Set down, exactly and only, everything from the line containing "2x Groene organzalint" down to the line containing "Bottle Green Rayon Chiken Pants" in the data below; the pictures are not part of the copy.
------ Material for this exercise
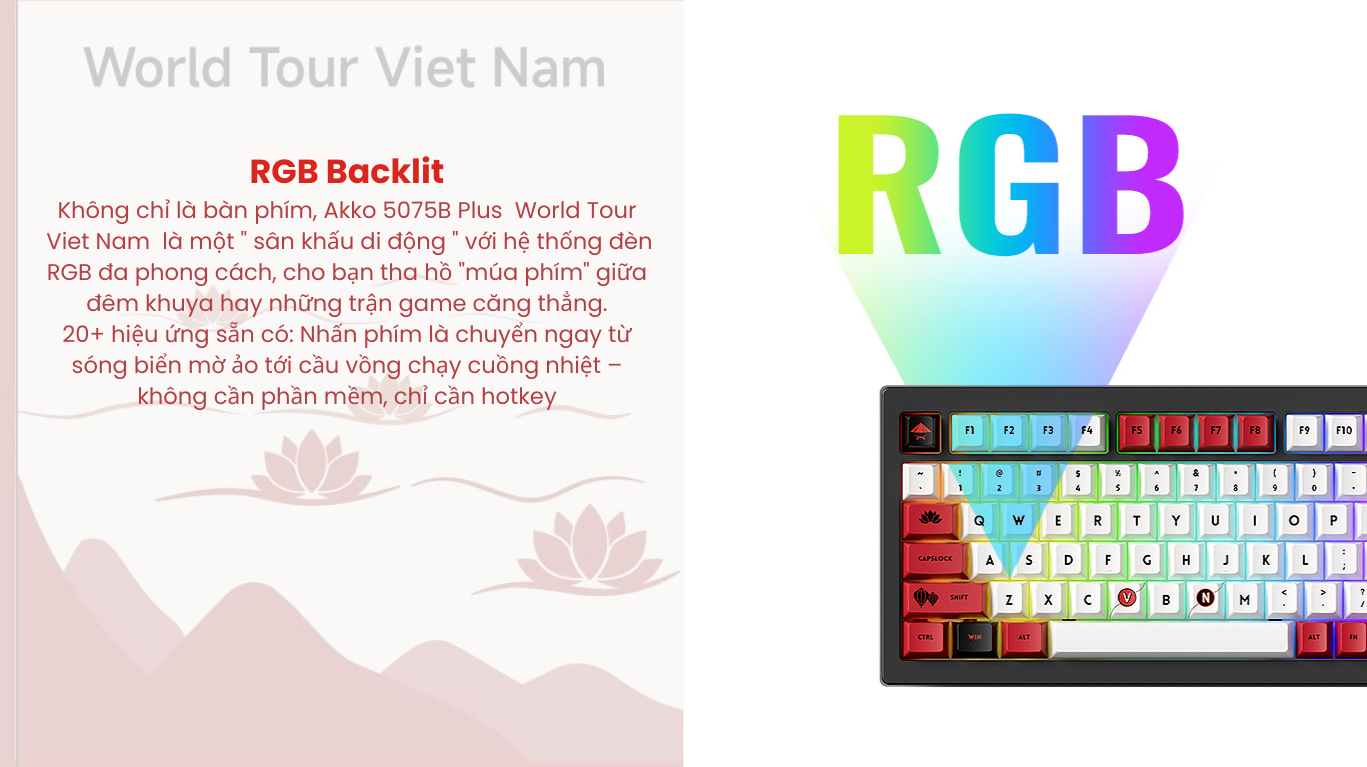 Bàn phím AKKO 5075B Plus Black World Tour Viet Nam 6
------------
------ Material for this exercise
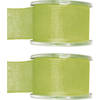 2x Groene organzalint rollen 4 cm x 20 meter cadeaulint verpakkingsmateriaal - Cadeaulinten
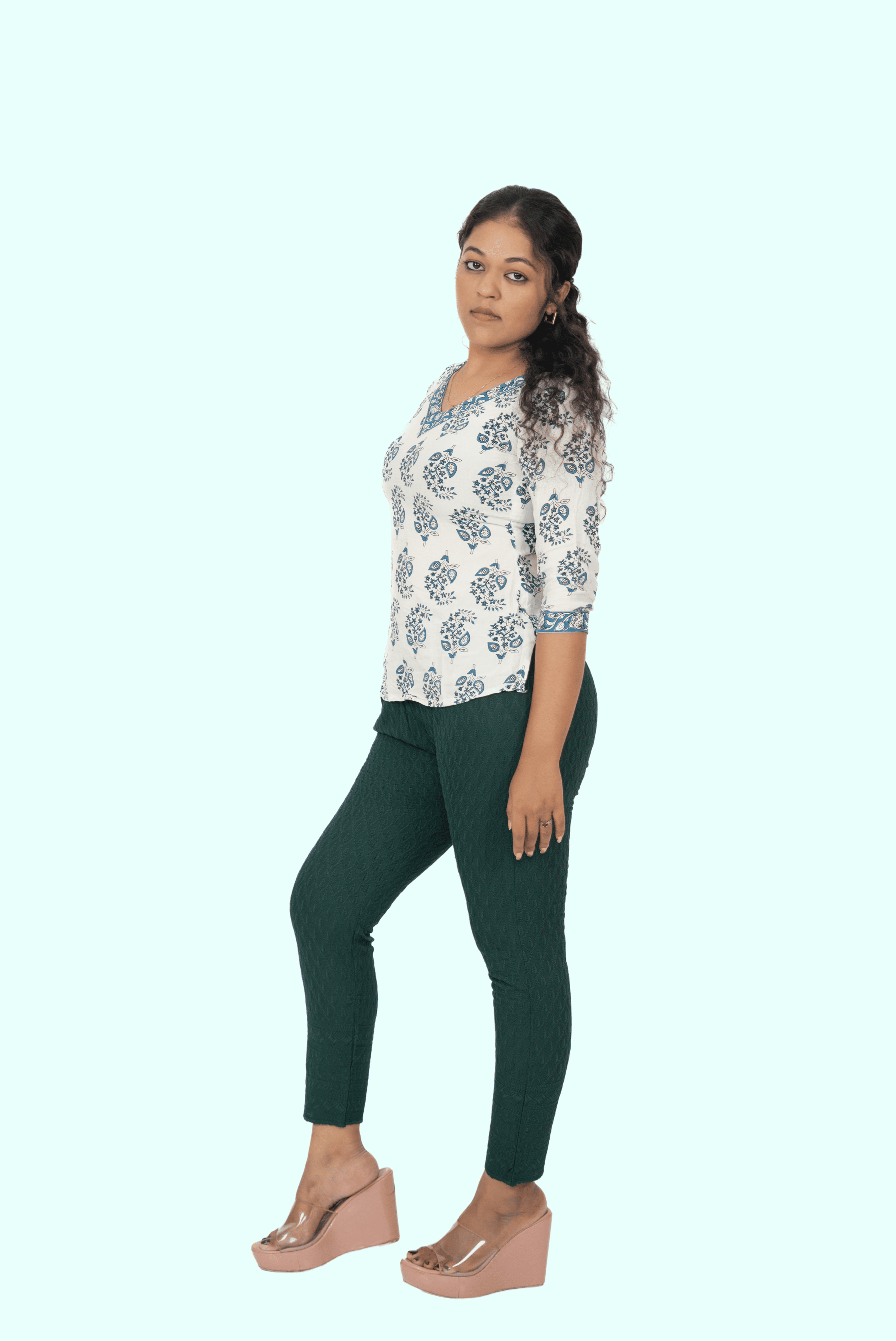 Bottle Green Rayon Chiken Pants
------------
- Answer box:
 2x Groene organzalint rollen 4 cm x 20 meter cadeaulint verpakkingsmateriaal - Cadeaulinten
 Bottle Green Rayon Chiken Pants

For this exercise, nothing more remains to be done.